Una sentenza che smonta le accuse nel caso della cosiddetta 'sposa bambina', la ragazza di 15 anni kosovara 'comprata' da connazionali e costretta a sposare un coetaneo nomade del campo di Coltano (Pisa). Nessuna violenza sessuale di gruppo. Nessuna riduzione in schiavitù, né alcuna tratta degli esseri umani. Nessun maltrattamento su minorenne. Nessun matrimonio forzato.
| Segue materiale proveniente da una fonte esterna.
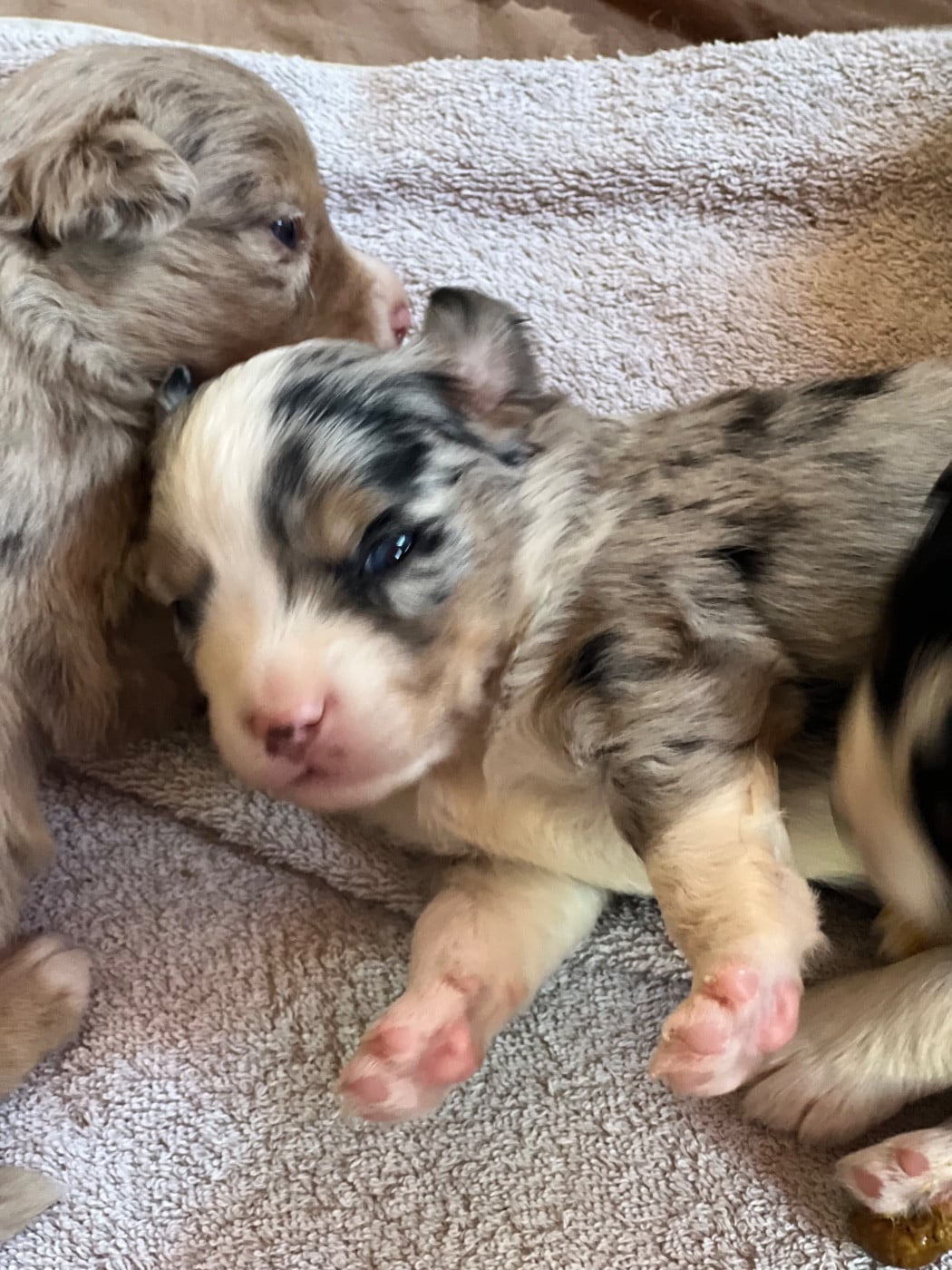 CHIOT 2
Per quella vicenda avvenuta più di tre anni fa la Squadra Mobile arrestò l'intero clan dello sposo, che è sotto processo davanti al tribunale minorile di Firenze, ma in primo grado i giudici pisani hanno assolto tutti gli imputati dalle accuse più gravi (violenza sessuale e riduzione in schiavitù) condannandoli solo per il reato di favoreggiamento dell'immigrazione clandestina.

Nonni e genitori dello sposo sono stati condannati a 5 anni di reclusione più 15 mila euro di multa, mentre gli zii del baby marito hanno avuto una condanna più grave a sei anni di reclusione più 30 mila euro di multa perché furono loro, materialmente, ad andare prendere la ragazzina in Kosovo per accompagnarla a Coltano, dove fu poi celebrato il matrimonio secondo la cultura rom. Per l'accusa la quindicenne kosovara fu 'comprata' dai rom e poi ridotta a essere una schiava dagli uomini e le donne della famiglia del giovane sposo. Secondo gli inquirenti il clan voleva riservare lo stesso trattamento alla sorella della baby sposa e ad un'altra ragazzina. La prima però non è mai giunta in Italia, nonostante le pressioni sulla sua famiglia da parte del clan dei nomadi finito sotto processo, l'altra invece stava per essere data in moglie a un coetaneo rom, ma il blitz della Polizia, avvenuto nell'ottobre 2010, la salvò e la minore fu ospitata in una struttura protetta.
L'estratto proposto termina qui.